I first saw 2001: A Space Odyssey in 1968, shortly after it first came out.  I was much younger then, of course.  I recall there was some controversy at the time regarding just what it was intended to express.  In particular, there was speculation regarding the nature of the monolith, or at least what it represented.  Some thought it represented God.  Regardless, I was much impressed.

The picture above is from the very beginning of the film, depicted as Richard Strauss' Also Sprach Zarathustra blared majestically.  I found the precision of the imagery, which I suppose is to say the cinematography, astounding.  I had seen nothing like it before.  For the time it seemed wholly new.

The movie had its critics.  Some felt it dull and incomprehensible.  I personally felt somewhat overwhelmed, wondered and wondering.  It was clear enough that the monolith, whatever it was, was involved in the "dawn of man"; this was apparent from the scene in which the proto-human or ape-like creature began to use a large bone as a weapon after the encounter with it.  I particularly liked the scene in which the bone was thrown into the sky, and "became" a spaceship.

I didn't read the Arthur C. Clarke novel until much later.  It made sense of what I had seen, though I had inferred some things, as I expect most did, in time.  I don't think, as I believe some did or do, that the book didn't do justice to the film.  I think it a great movie.

As an achievement, it's remarkable.  But I think it's most remarkable, given what's happened since it was made, in its overestimation of what we would achieve, in space at least.

Was its optimism justified?  We were then on the brink of landing on the moon, but a short time, really, after JFK had declared that as a national goal.  A relatively short time, really, since we began to blast things into orbit.  The year 2001 was more than thirty years away.  In thirty years we had split the atom, blown up cities, reached space.  Perhaps our potential seemed limitless.

Nearly fifty years later, and we haven't even returned to the moon for many years, let alone sent a manned mission to Jupiter space, built a huge space station and installations on the lunar surface.  True, we've managed to send probes around the solar system and landed ambulatory robots on Mars.  We put so many satellites into orbit that they're becoming a positive danger. 

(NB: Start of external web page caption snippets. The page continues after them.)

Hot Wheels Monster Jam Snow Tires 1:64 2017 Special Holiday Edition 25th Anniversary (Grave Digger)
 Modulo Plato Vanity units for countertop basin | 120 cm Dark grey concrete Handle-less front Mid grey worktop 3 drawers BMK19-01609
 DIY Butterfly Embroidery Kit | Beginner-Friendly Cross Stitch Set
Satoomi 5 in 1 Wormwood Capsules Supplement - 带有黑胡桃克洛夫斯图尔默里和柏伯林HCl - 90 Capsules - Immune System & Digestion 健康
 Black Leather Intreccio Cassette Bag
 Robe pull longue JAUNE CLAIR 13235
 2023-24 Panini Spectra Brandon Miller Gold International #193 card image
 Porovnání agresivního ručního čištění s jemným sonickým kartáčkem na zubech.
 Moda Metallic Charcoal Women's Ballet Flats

Clearly, it turned out that we had different priorities.  We have no HALs, but our computer technology is impressive enough, probably more impressive as it seems there were only two HALs in any case. 

But it's galling in a way that despite the fact that we haven't taken the steps required to begin the colonization of space (and we surely would have had colonies on Mars and perhaps elsewhere among the planets if the universe of 2001 had come to be) we seem to be in much the same poor way we were in the late 1960s.  We have no war in Vietnam, but we have conflicts all over the globe, the rich are very rich indeed and becoming richer, and the poor grow more and more numerous.  We grow more divided, angrier and probably have less hope than we did back then.

But perhaps I'm being too negative.  There were other futures envisioned in movies of the time and shortly thereafter which make our present seem good enough, perhaps even  desirable.  Kubrick himself depicted one of them in A Clockwork Orange.  The future in Farenheit 451 wasn't exactly cheery.  We have a penchant for dystopian futures and indulge it in our movies often enough.

Still, 2001 contained the hope of transformation, transcendence, in the form of the Starchild, which one of us became courtesy of the monolith,  Perhaps that hope is still there, although it seems to me that the transformation some of us seek is at the moment less physical and more mental or emotional.